• [Work required]: Range to repeat from the listing below: the line containing "Luis Arroyo apoya la compra de aviones F-16." down to the line containing "Holiday Inn Express", both included. Copy it exactly, pictures excluded, and add nothing else.

• [Input]:
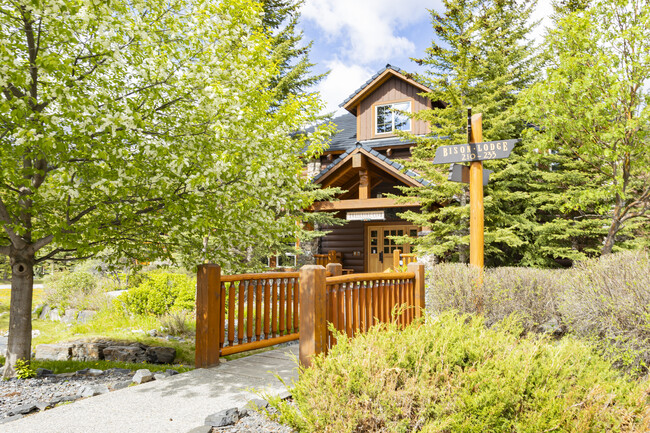 104 Armstrong Pl in Canmore, AB - Building Photo - Building Photo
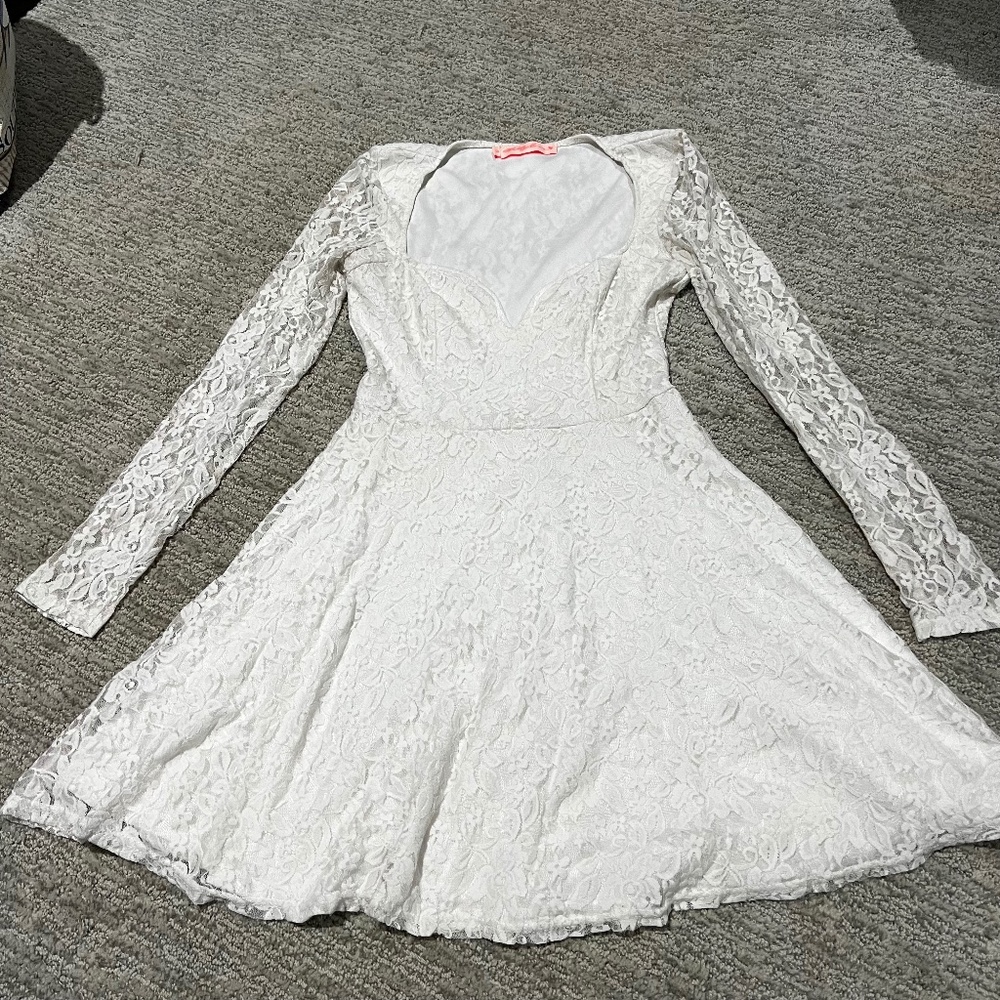 Oh My Love white lace long sleeve dress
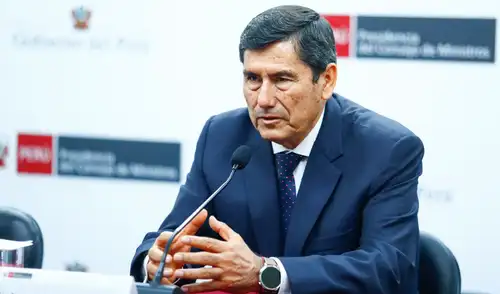 Luis Arroyo apoya la compra de aviones F-16.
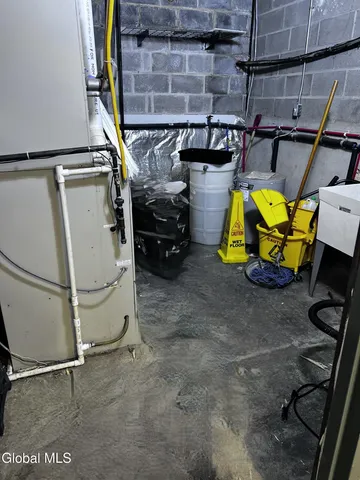 $15 | 1865 Central Avenue, Albany, NY 12205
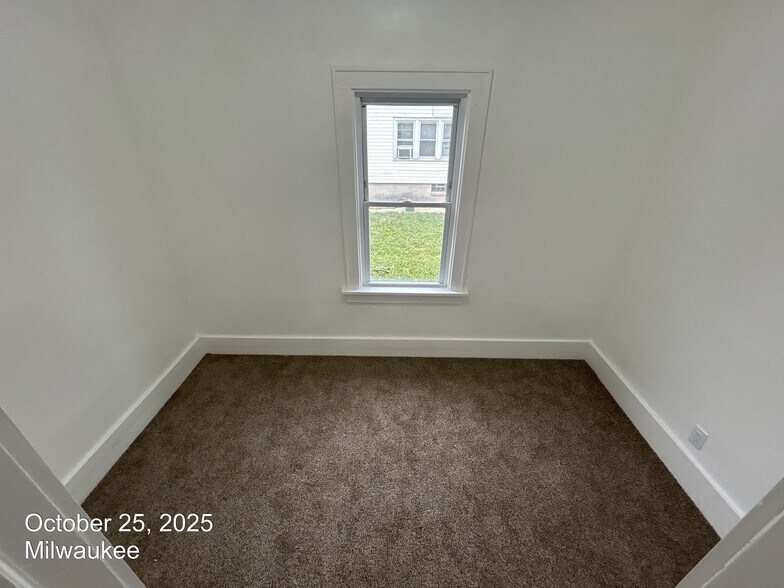 Building Photo - 1560 S 26th St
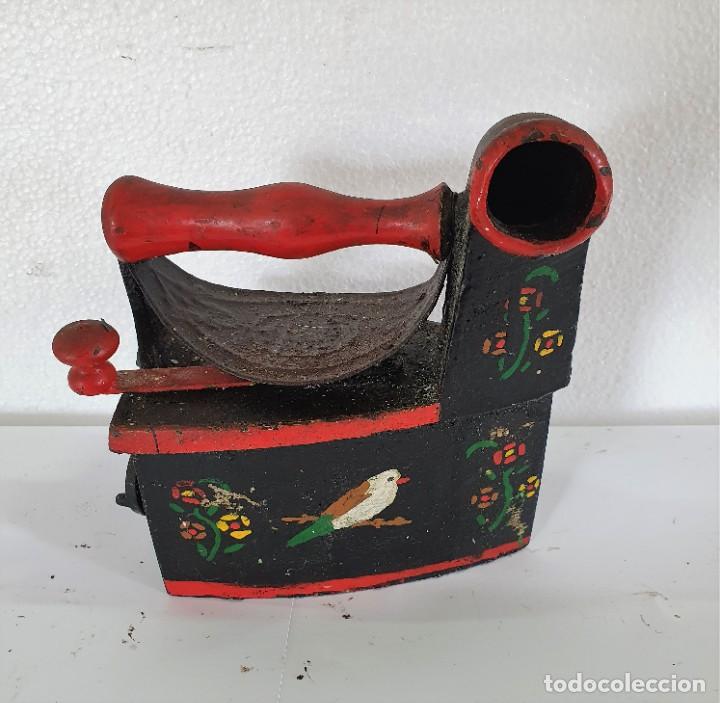 Antig&uuml;edades: PLANCHA DE CARB&Oacute;N DECORADA - Foto 1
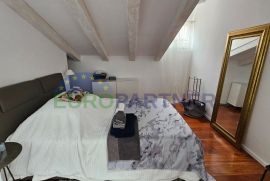 Istra, Rovinj, tri luksuzna apartmana prvi red do mora, Rovinj, Flat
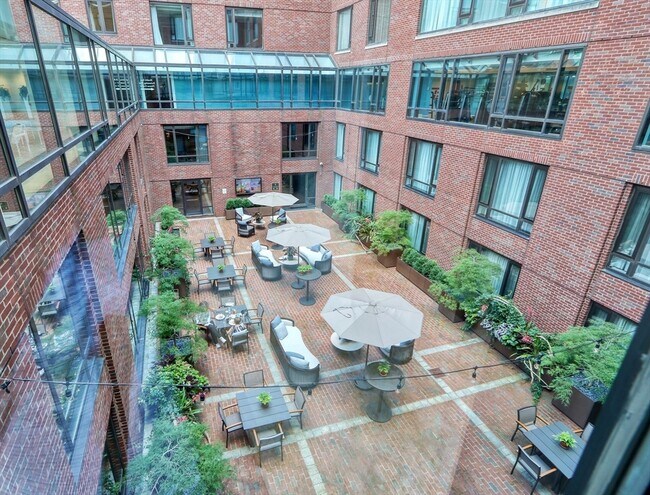 Building Photo - 220 Boylston St
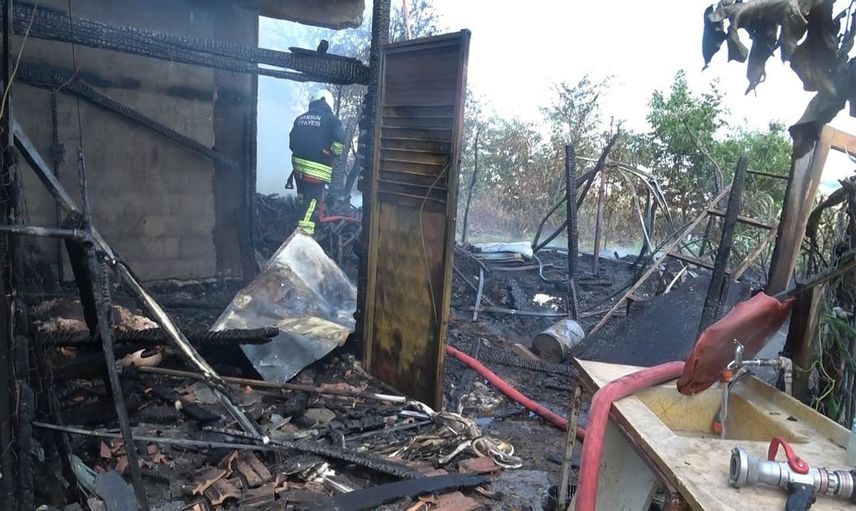 Bafra'da bağ evi yangını: 1 büyükbaş hayvan telef oldu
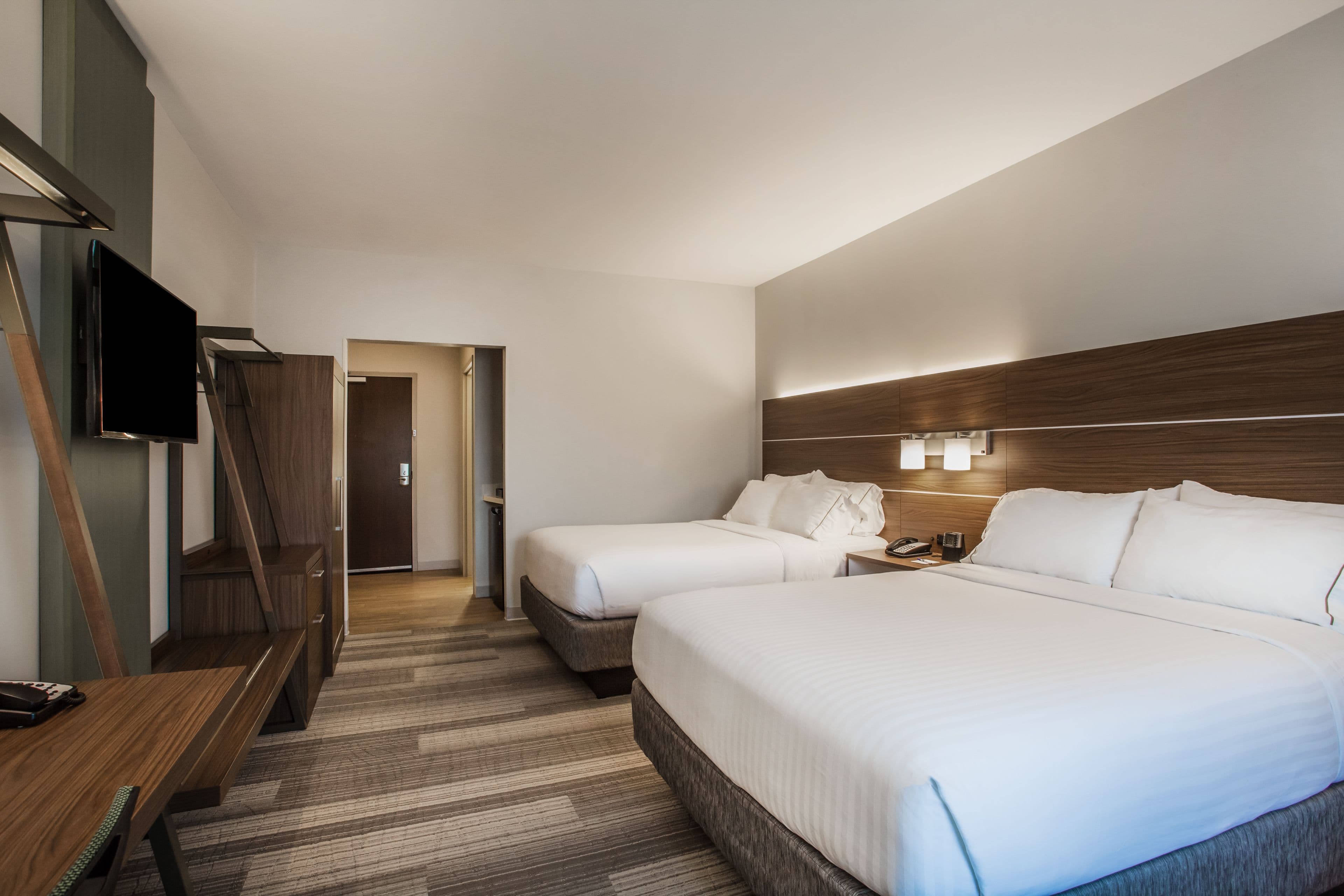 Holiday Inn Express & Suites Lexington Park-California — 38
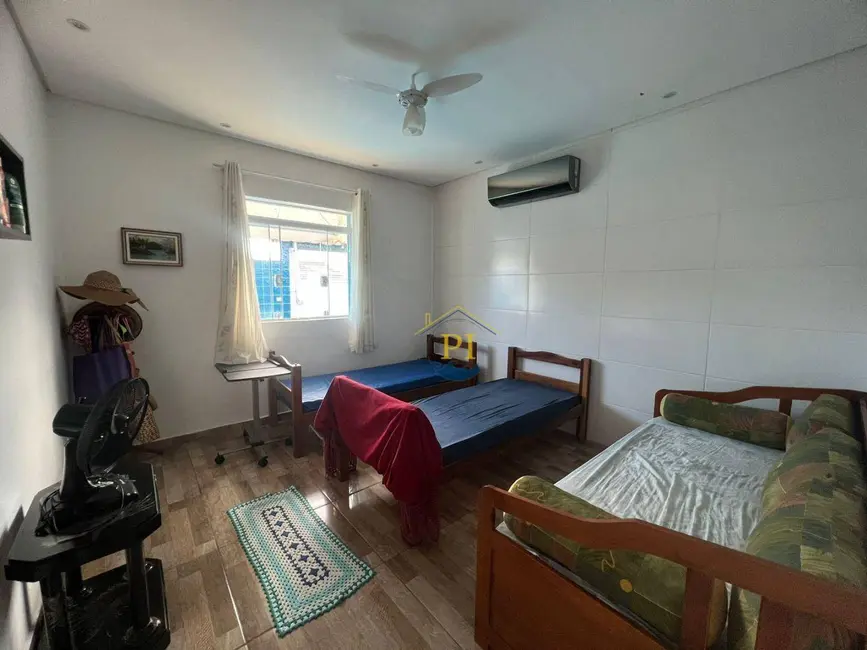 Casa com 3 quartos à venda, 142m2 em Maracanã, Praia Grande - SP - imagem 9 Foto 9 de Casa com 3 quartos à venda, 142m2 em Maracanã, Praia Grande - SP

• [Your solution]:
 Luis Arroyo apoya la compra de aviones F-16.
 $15 | 1865 Central Avenue, Albany, NY 12205
 Building Photo - 1560 S 26th St
 Antig&uuml;edades: PLANCHA DE CARB&Oacute;N DECORADA - Foto 1
 Istra, Rovinj, tri luksuzna apartmana prvi red do mora, Rovinj, Flat
 Building Photo - 220 Boylston St
 Bafra'da bağ evi yangını: 1 büyükbaş hayvan telef oldu
 Holiday Inn Express & Suites Lexington Park-California — 38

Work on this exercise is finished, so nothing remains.